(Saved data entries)
▬▬▬▬▬▬

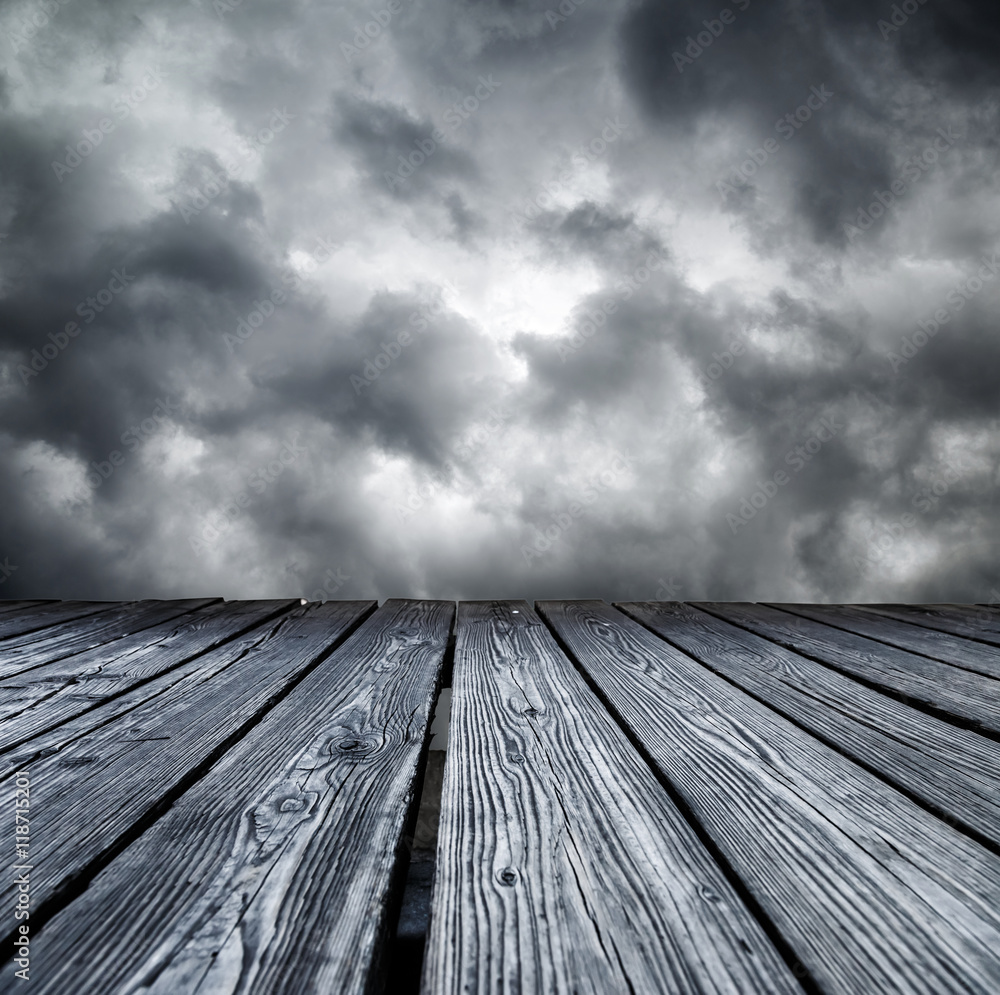 Rostrum made of wooden planks on stormy sky Rostrum made of wooden planks on stormy sky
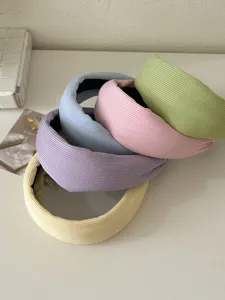 Variety of pastel knitted padded headbands in cream colors for Korean style hair.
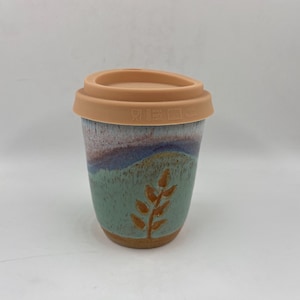 May include: A ceramic travel mug with a light peach silicone lid. The mug features a speckled glaze with a gradient of light green at the base, transitioning to blue and white at the top. A brown leaf design is painted on the front surface.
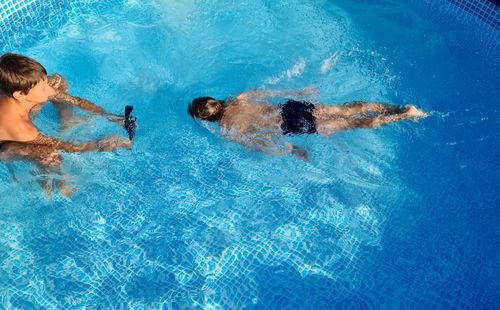 High angle view of people swimming in pool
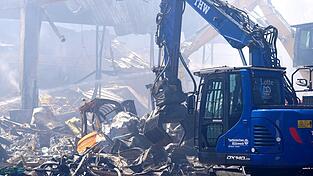 Einsatzkräfte des Technischen Hilfswerks (THW) beseitigen mit einem Bagger Schutt nach einem Feuer in einem Gewerbegebiet in Stuttgart. Einsatzkräfte des Technischen Hilfswerks (THW) beseitigen mit einem Bagger Schutt nach einem Feuer in einem Gewerbegebiet in Stuttgart.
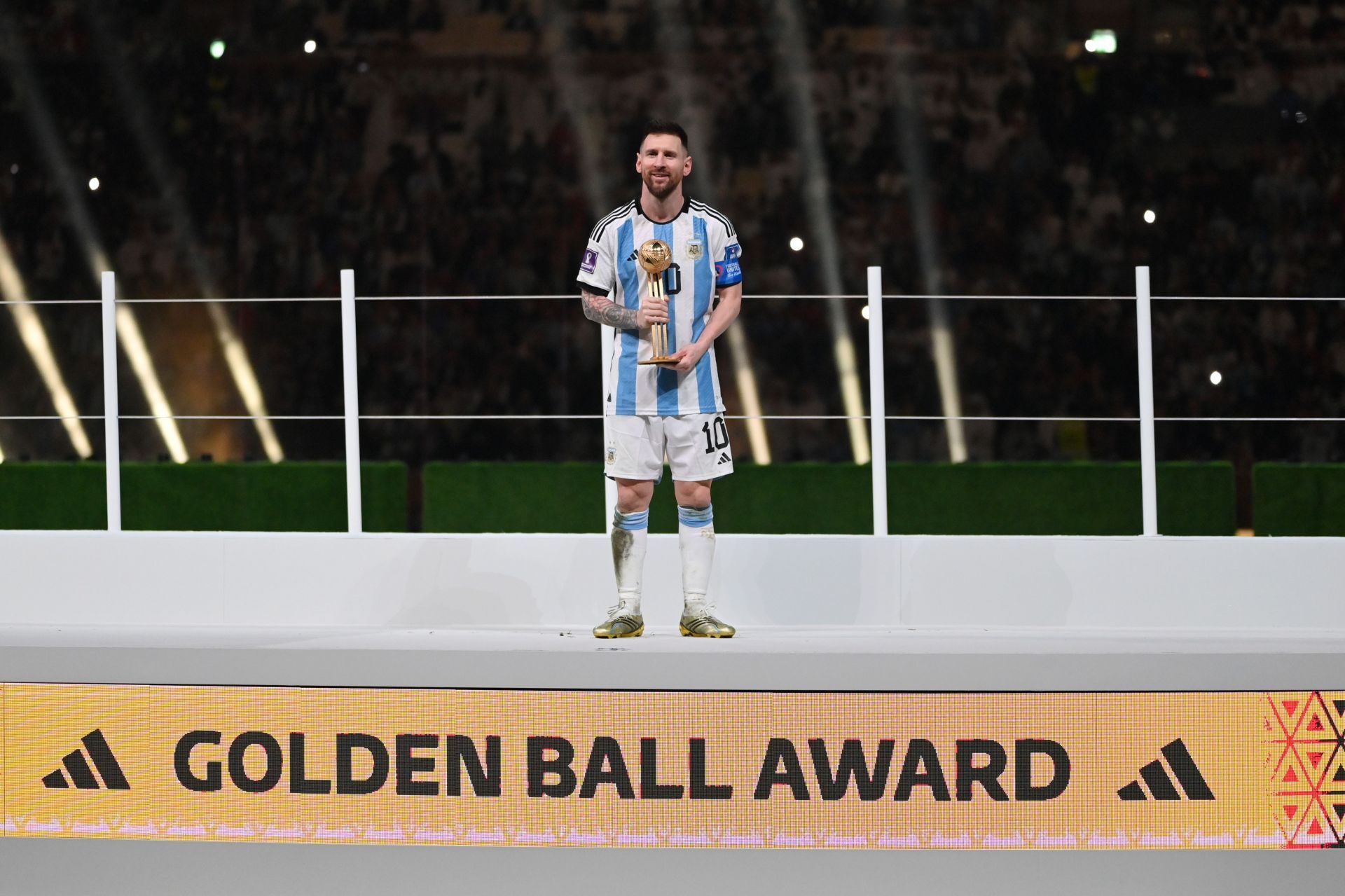 Lionel Messi poses with the Golden Ball award.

▬▬▬▬▬▬

» **Description of the task**:
Copy every record exactly; no pictures.

» **Exercise response**:
 Rostrum made of wooden planks on stormy sky Rostrum made of wooden planks on stormy sky
 Variety of pastel knitted padded headbands in cream colors for Korean style hair.
 May include: A ceramic travel mug with a light peach silicone lid. The mug features a speckled glaze with a gradient of light green at the base, transitioning to blue and white at the top. A brown leaf design is painted on the front surface.
 High angle view of people swimming in pool
 Einsatzkräfte des Technischen Hilfswerks (THW) beseitigen mit einem Bagger Schutt nach einem Feuer in einem Gewerbegebiet in Stuttgart. Einsatzkräfte des Technischen Hilfswerks (THW) beseitigen mit einem Bagger Schutt nach einem Feuer in einem Gewerbegebiet in Stuttgart.
 Lionel Messi poses with the Golden Ball award.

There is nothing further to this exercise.